Let $a, b, c, d$ be natural numbers such that $a + b + c + d = 2018$. Find the minimum value of the expression: $$E = (a-b)^2 + 2(a-c)^2 + 3(a-d)^2+4(b-c)^2 + 5(b-d)^2 + 6(c-d)^2.$$
Problem
Source: 2018 Romanian NMO grade VIII P2
Tags: algebra, inequalities, number theory
rms
09.09.2024 20:32
parmenides51 wrote: Let $a, b, c, d$ be natural numbers such that $a + b + c + d = 2018$. Find the minimum value of the expression: $$E = (a-b)^2 + 2(a-c)^2 + 3(a-d)^2+4(b-c)^2 + 5(b-d)^2 + 6(c-d)^2.$$ Translated from here:
We show that the minimum sought is 14.
This value is indeed reached, for example, if \(a = b = 505\) and \(c = d = 504\).
Since 2018 is not divisible by 4, the numbers \(a, b, c, d\) cannot all be equal.
If three of them are equal, then three of the squares are 0, while the other three are non-zero.

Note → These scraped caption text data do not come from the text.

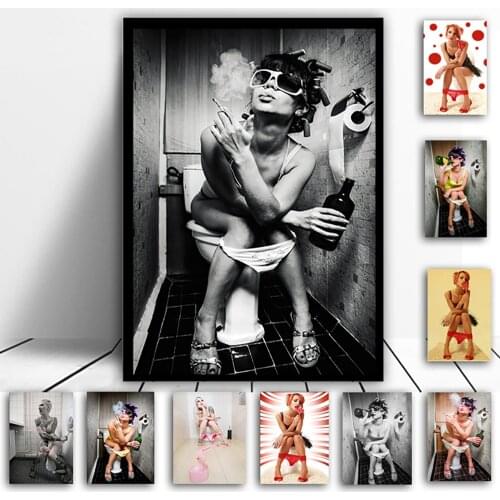 DIY 5D Diamond Painting Toilet Black White Sexy Women Smoking Poster and Drinking Lady Toilet Pub Bar Home Decoration Poster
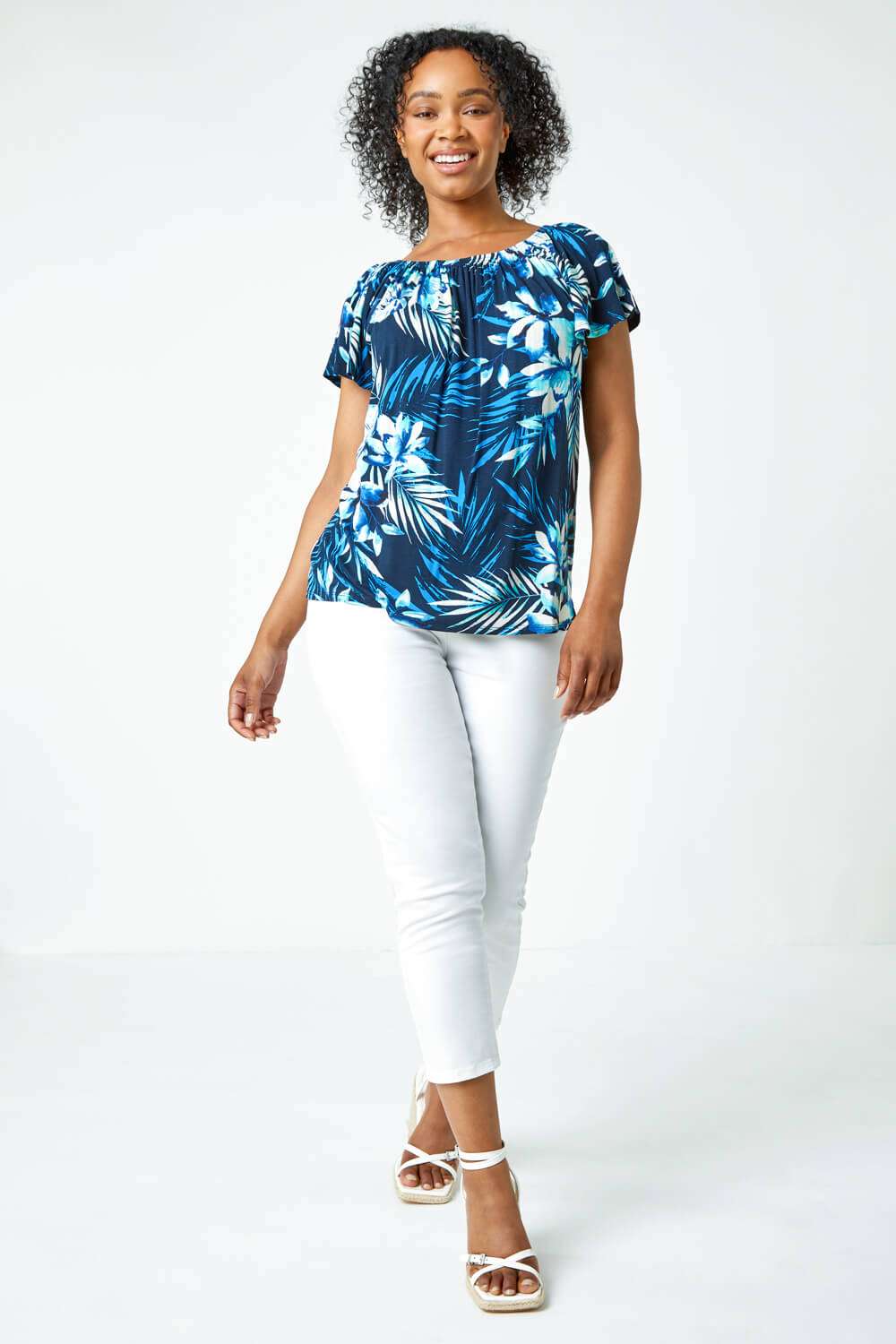 Blue Petite Tropical Stretch Jersey Bardot Top, Image 4 of 5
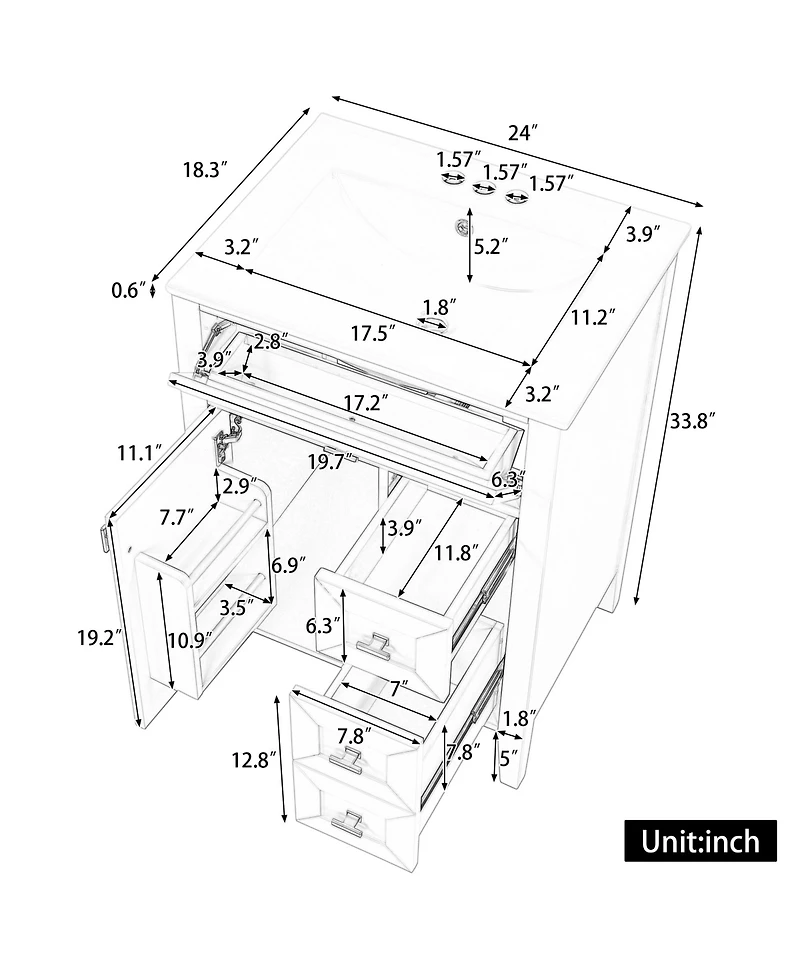 Busdays 24 Inch Bathroom Vanity with Sink Mdf and Rubberwood Construction 3 Drawers and Cabinet with 2 Tier Door Storage Rack Soft Close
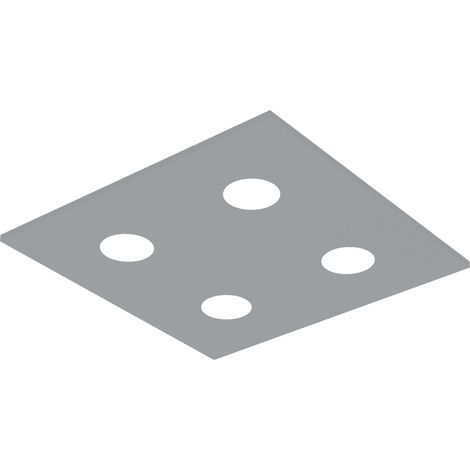 LUMICOM RIVER SQUARE Plafoniera, 4x GX53, max 8W, metallo, grigio, 40x40cm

Moreover, the four numbers must have the same parity, so the other squares are at least 4. Thus, \(E \geq 4 + 2 \cdot 4 \cdot 3 \cdot 4 > 14\).
If two of the numbers are equal, and the other two are different (from these two and from each other), then \(E \geq 1 + 2 + 3 + 4 + 5 = 15 > 14\).
If two of the numbers are equal, and the other two are also equal, then:
- \(a = b\), \(c = d\) implies \(E \geq 2 + 3 + 4 + 5 = 14\),
- \(a = c\), \(b = d\) implies \(E \geq 1 + 3 + 4 + 6 = 14\),
- \(a = d\), \(b = c\) implies \(E \geq 1 + 2 + 5 + 6 = 14\).
Finally, if \(a, b, c, d\) are all different in pairs, then \(E \geq 1 + 2 + 3 + 4 + 5 + 6 > 14\).